* [ACTIVITY] Using the data that follows, give again word for word the lines between the one holding "Sac à main pochette" and the one holding "A New Chapter", inclusive. Omit the pictures.

* [DATA EXTRACT]
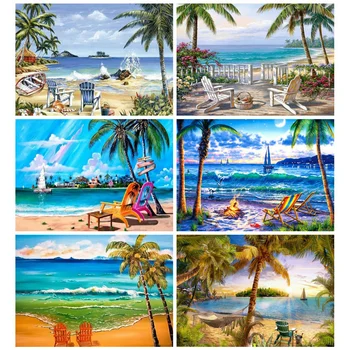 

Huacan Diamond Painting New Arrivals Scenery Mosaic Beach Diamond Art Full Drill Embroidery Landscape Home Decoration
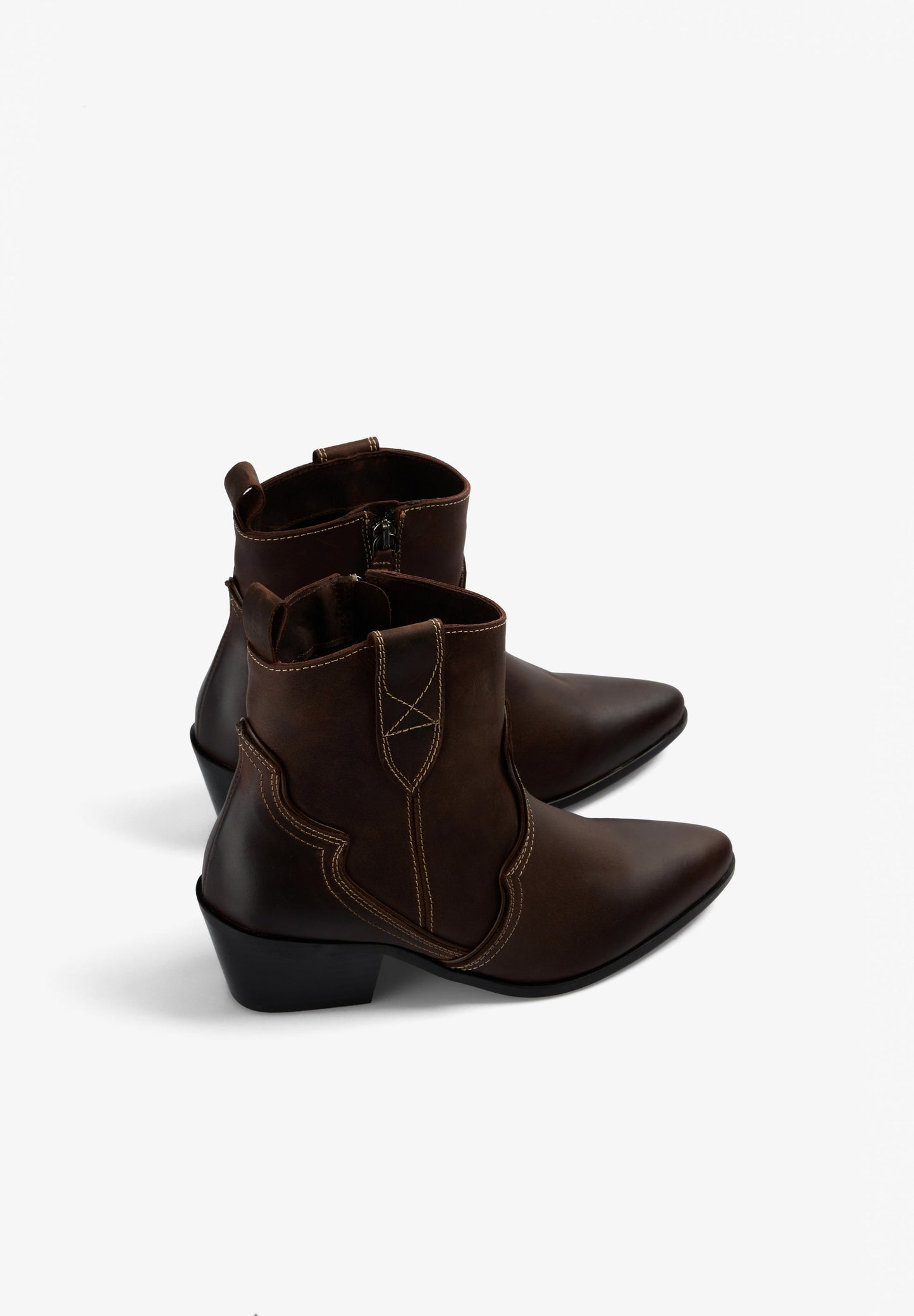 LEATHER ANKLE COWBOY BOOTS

--

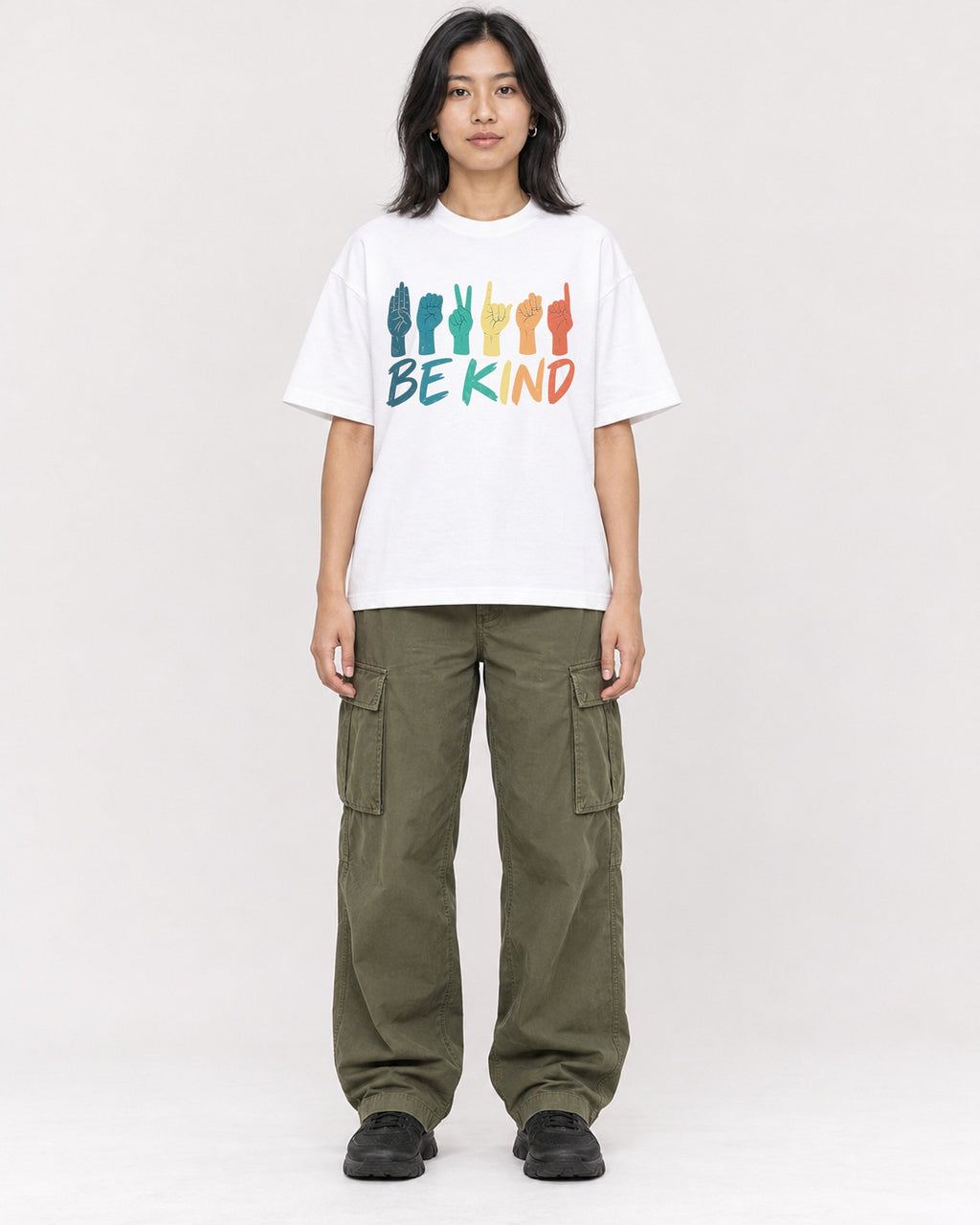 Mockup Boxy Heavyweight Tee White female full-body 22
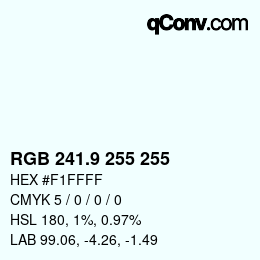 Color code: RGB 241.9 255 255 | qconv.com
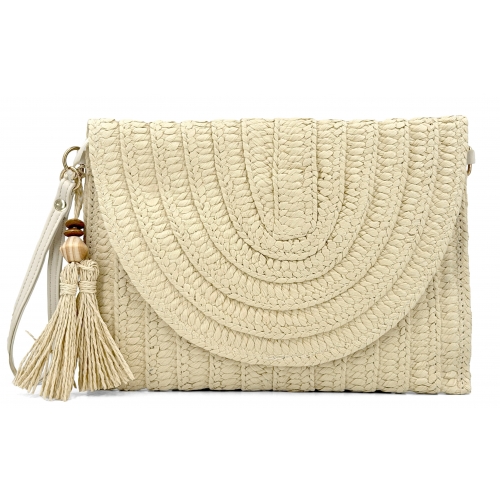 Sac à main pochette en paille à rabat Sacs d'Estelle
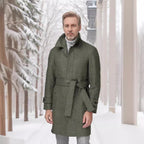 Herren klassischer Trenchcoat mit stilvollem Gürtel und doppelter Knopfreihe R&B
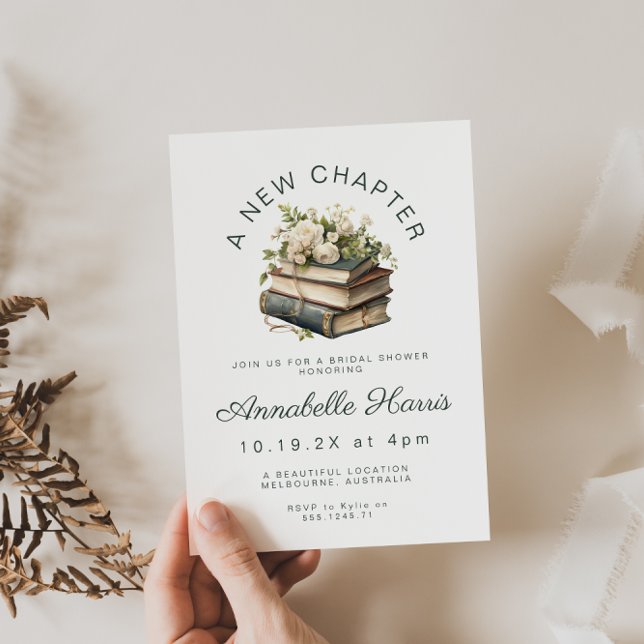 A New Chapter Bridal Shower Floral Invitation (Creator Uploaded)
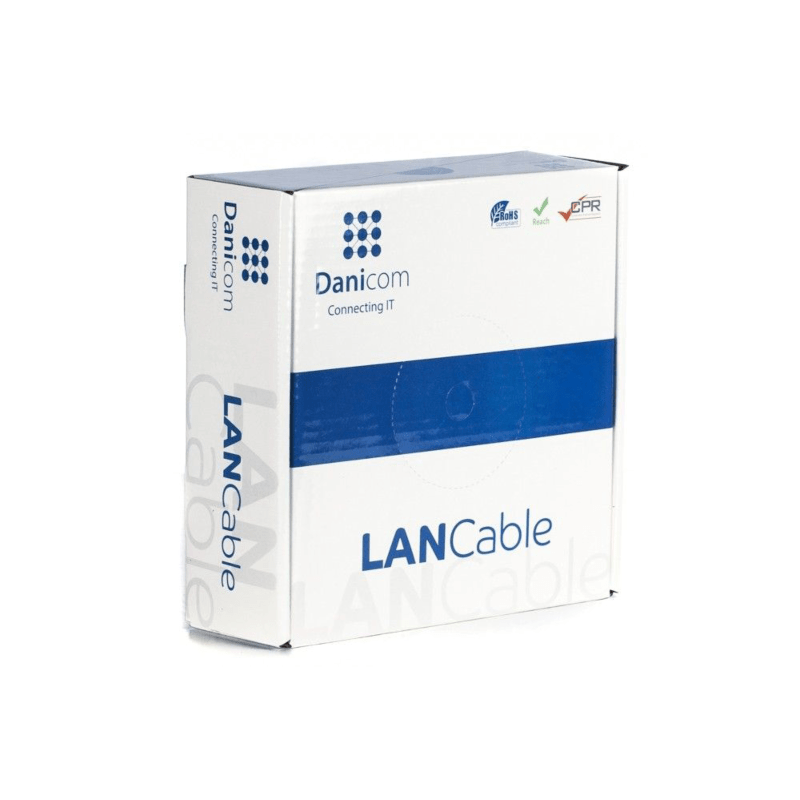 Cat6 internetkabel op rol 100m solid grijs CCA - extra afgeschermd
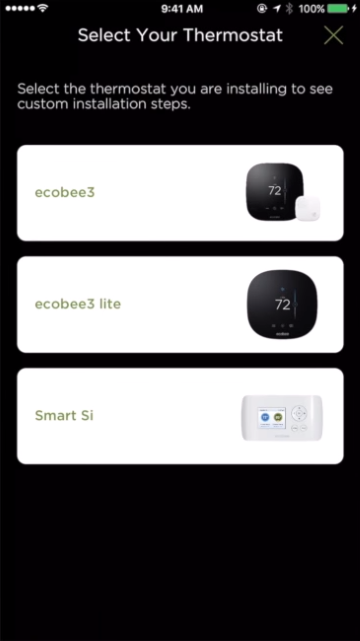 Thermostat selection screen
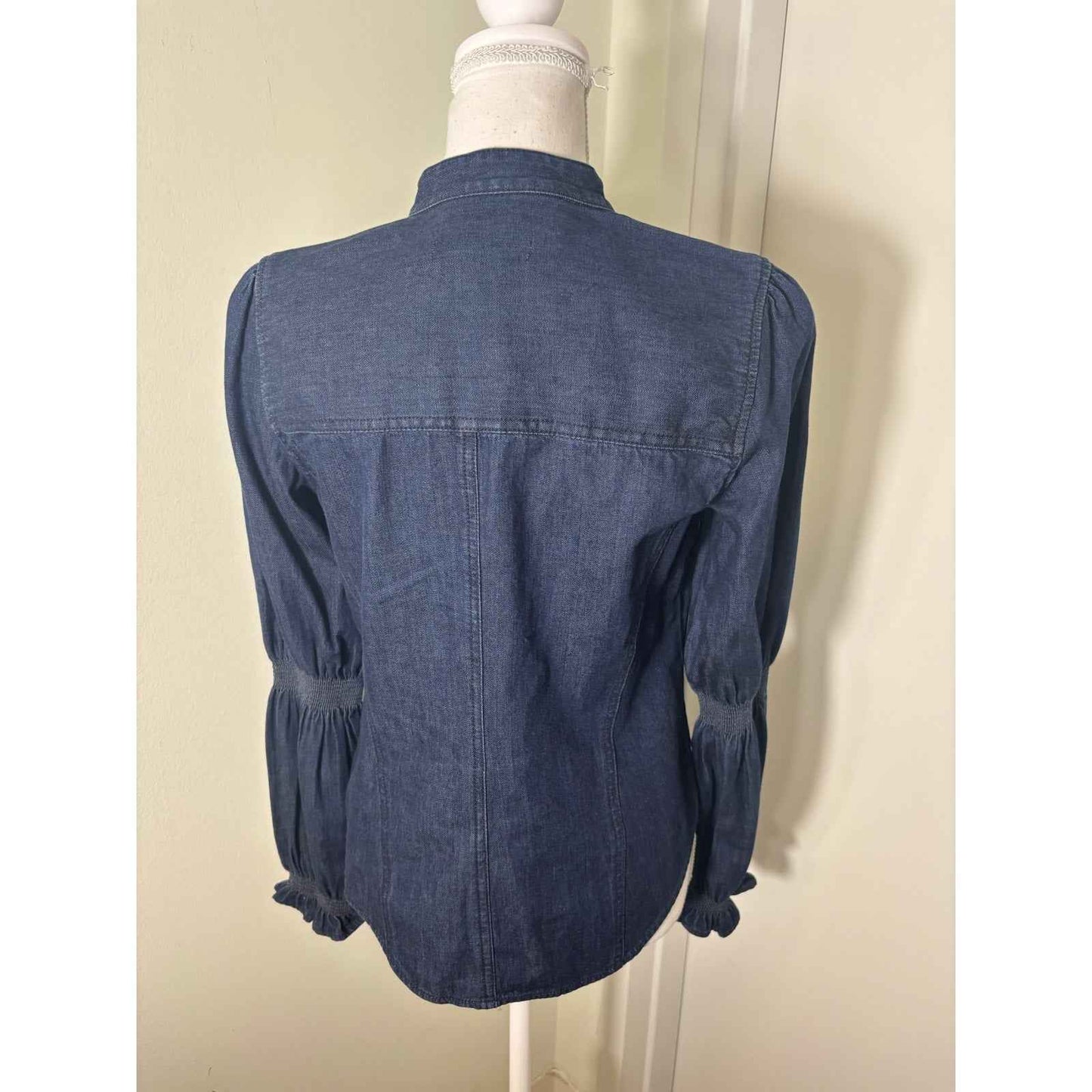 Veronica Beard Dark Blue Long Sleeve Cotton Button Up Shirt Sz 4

==

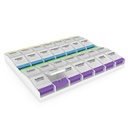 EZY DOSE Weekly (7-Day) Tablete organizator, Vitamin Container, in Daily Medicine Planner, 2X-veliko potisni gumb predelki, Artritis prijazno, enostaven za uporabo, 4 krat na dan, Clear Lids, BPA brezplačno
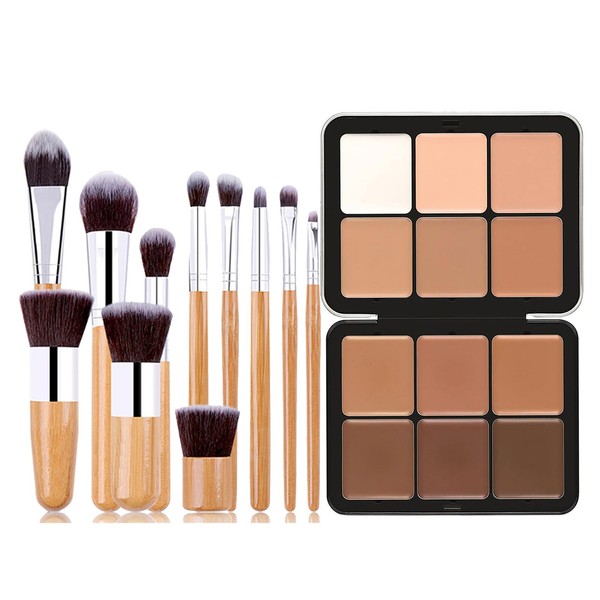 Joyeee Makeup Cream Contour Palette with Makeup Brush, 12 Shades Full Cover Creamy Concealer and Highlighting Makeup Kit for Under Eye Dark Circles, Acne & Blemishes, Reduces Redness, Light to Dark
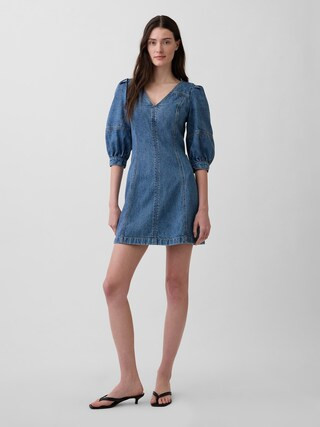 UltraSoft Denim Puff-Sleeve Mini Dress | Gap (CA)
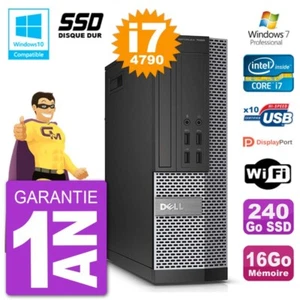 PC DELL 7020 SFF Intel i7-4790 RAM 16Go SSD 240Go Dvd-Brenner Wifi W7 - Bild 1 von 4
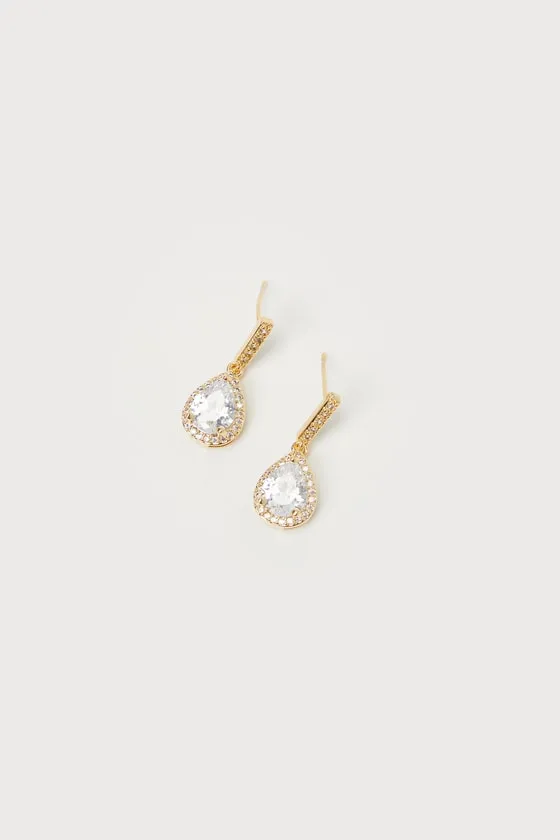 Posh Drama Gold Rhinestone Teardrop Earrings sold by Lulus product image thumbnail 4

* [OUTPUT FOR THIS EXERCISE]
 Sac à main pochette en paille à rabat Sacs d'Estelle
 Herren klassischer Trenchcoat mit stilvollem Gürtel und doppelter Knopfreihe R&B
 A New Chapter Bridal Shower Floral Invitation (Creator Uploaded)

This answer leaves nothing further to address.